For generations, Afghanistan’s commercial farmers and agribusinesses had no way to borrow money to invest in their businesses. In 2010, the U.S. Agency for International Development (USAID), in partnership with the Afghanistan Ministry for Agriculture, Irrigation, and Livestock (MAIL), established the Agricultural Development Fund (ADF). USAID’s initial fund contribution of $100 million would be complemented by a technical assistance contract—the Agricultural Credit Enhancement Program—awarded to DAI.

The program ran into many obstacles, including Afghan banks’ unwillingness to participate, the Afghan government’s reluctance to register the ADF as an institution, and the requirement of many potential customers that their loans be Sharia compliant.

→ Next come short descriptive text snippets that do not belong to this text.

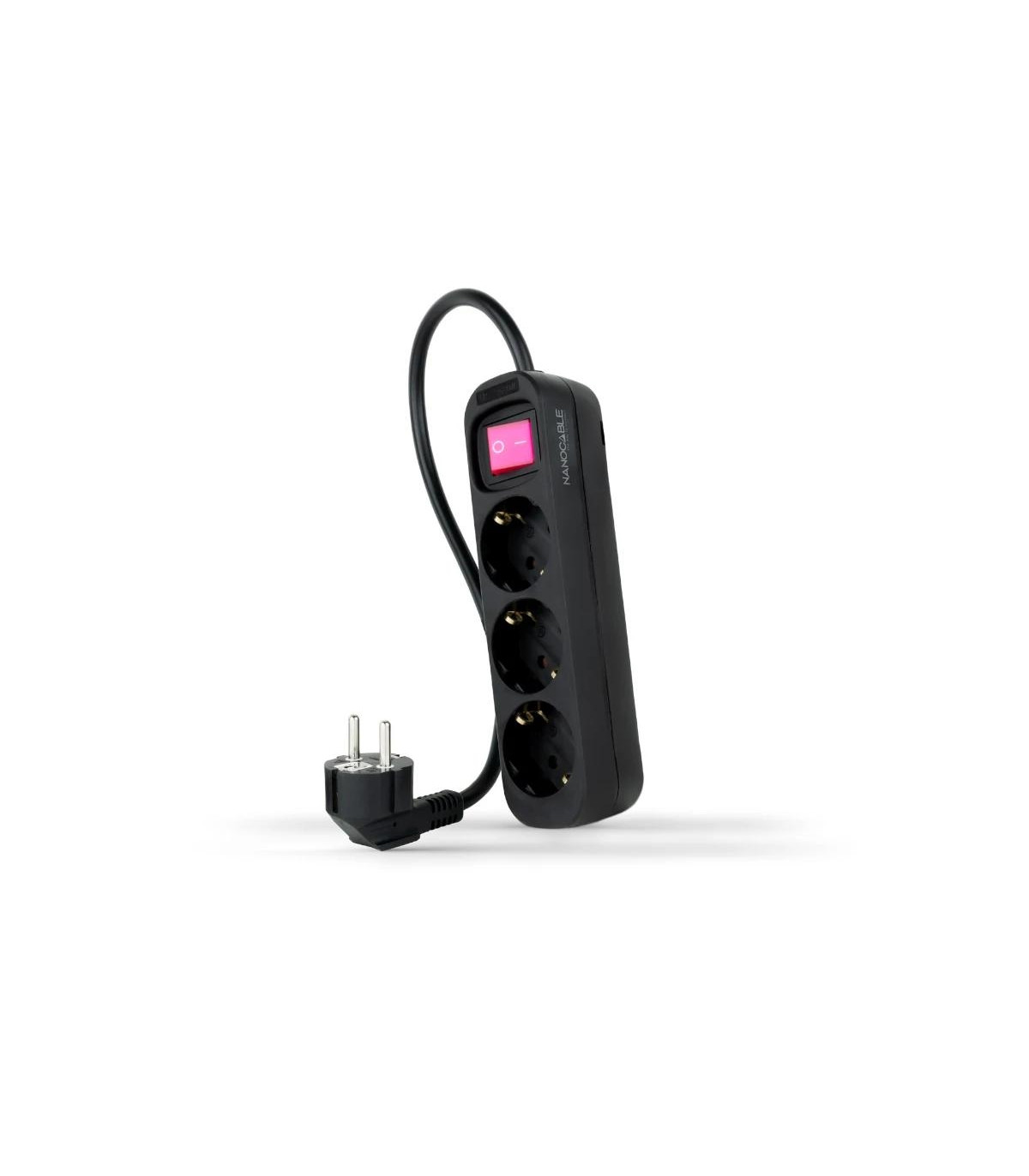 Nanocable Regleta 3 Tomas Interruptor Negro
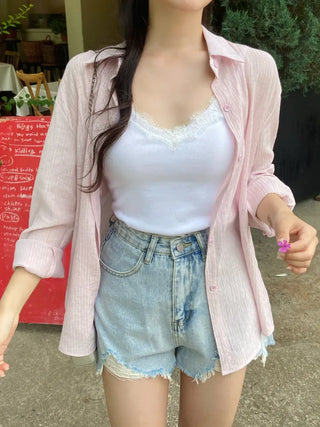 Pookie Wrinkle Pleats Pastel Mist Shirt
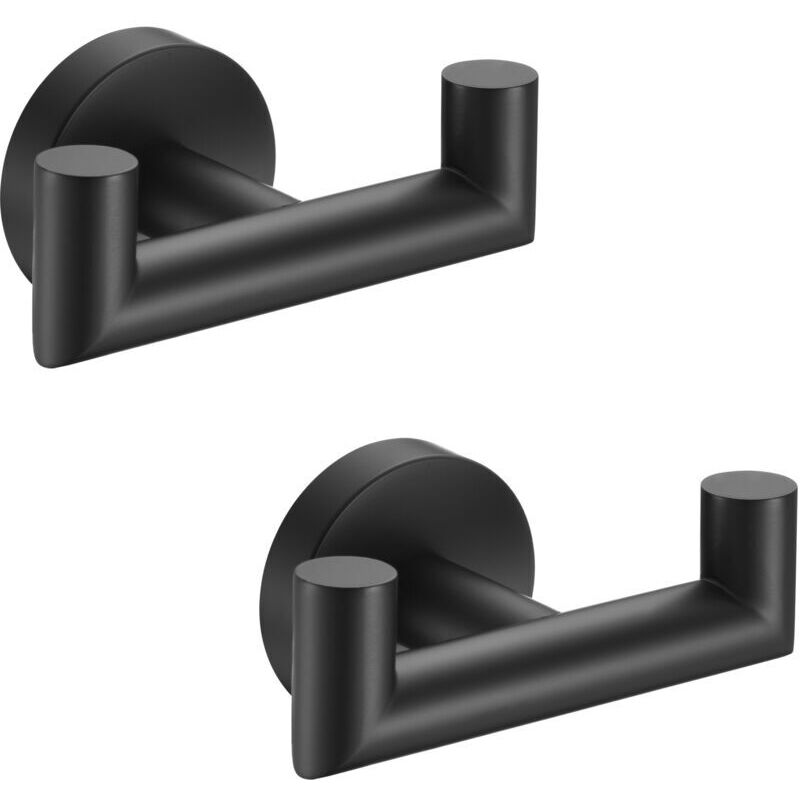 2er-set Doppelhandtuchhaken, Edelstahl Sus304 – Wandmontage – Ideal Für Familien, Badezimmer, Küche, Schwarz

But by the end of the project in February 2015, the fund had proven a resounding success with 202 loans to agribusinesses and intermediaries processed totaling $106 million, directly benefiting 35,000 end borrowers in all 34 provinces, and with a default rate of less than 5 percent.

In November 2012, the ADF was officially established as a development fund of the Afghan government. In June 2014, the ADF took another step toward becoming a standalone financial institution when Joel O. Carter, pictured below, was sworn in as the ADF’s first chief executive officer. Developments recently asked Carter about the ADF’s prospects for sustained, long-term success.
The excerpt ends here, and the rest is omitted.